Un éclairage qui ajoute au tragique

L’éclairage que donnent tour à tour médecin et psychologue est à la fois plus simple et plus tragique sans doute, puisque finalement on ne peut se raccrocher à rien, on ne peut que faire le constat du drame. La justice le sanctionnera, car notre société ne permet pas que l’on tue quiconque, mais cette tragédie était-elle évitable ?

Maltraitante, au fond, bien que « pas repérée comme telle »

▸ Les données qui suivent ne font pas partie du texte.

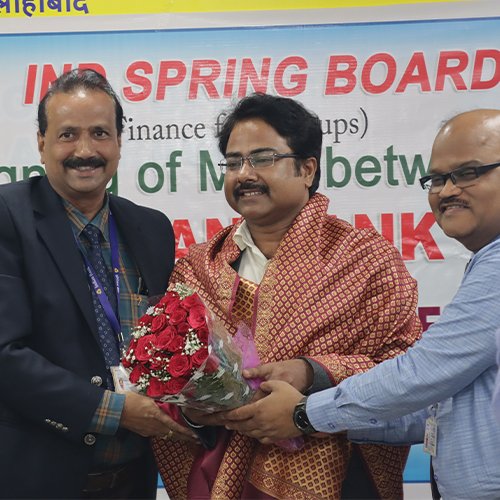 SRMUAP's tweet image. #IndianBank inks #MoU with #Hatchlab Research Centre, #TBI of #SRMUniversityAP to launch &apos;IND Spring Board&apos;, an initiative for financing start-ups and MSMEs. The bank will extend loans of up to Rs. 50 crores
#SRMAP #BusinessIncubator #Startups #Entrepreneurship  #INDSpringBoard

Cette maman « n’est pas repérée comme maltraitante », répète la présidente, Caroline Podevin. Et d’une certaine façon, elle ne l’est pas. Pourtant elle l’est, sans forcément le savoir, et les enfants (sa fille en témoignera avec ses mots) en souffrent mais de quoi pourraient-ils se plaindre puisque finalement tout ne se manifeste que confusément. Femme « rigide » chez qui viennent en première ligne « les questions d’emploi du temps et d’organisation de la journée. La dimension du plaisir, on ne la trouve pas, sauf au moment du coucher ». Ce fameux moment, décrit par la mère comme un doux rituel, illustre les formes d’abus fusionnels. Chaque soir, un massage, des bisous. Oui mais, l’enfant a 8 ans, il est trop grand pour ce genre de tripotages, et qu’ils soient chastes n’y change rien car ils sont déplacés.

Une personne « obsessionnelle », qui rumine beaucoup

A ce sujet, la question des places, mal définies, confuses, revient comme souvent dans les affaires judiciaires (mais à l’image de ce qui se passe hélas fréquemment un peu partout) : « on était plus copines que mère et fille », Luca prenait chaque soir une tisane, comme sa maman, mais parfois avec des tic-tac qui figuraient les cachets qu’elle prenait. Le médecin comme la psychologue sont frappés par « le discours très froid, sans aucune manifestation émotionnelle » de la mère. Et ça nous amène sur un autre aspect de sa personnalité que les tests psychologiques illustrent bien : à l’avant-plan, une personnalité visible par tous, adaptée autant que possible et conforme autant que possible, c’est quelqu’un d’actif, qui a besoin de réussir. A l’arrière-plan, un sentiment d’insuffisance, « une colère intense et de l’anxiété, complètement dissimulées ». C’est une personne « obsessionnelle », qui rumine beaucoup.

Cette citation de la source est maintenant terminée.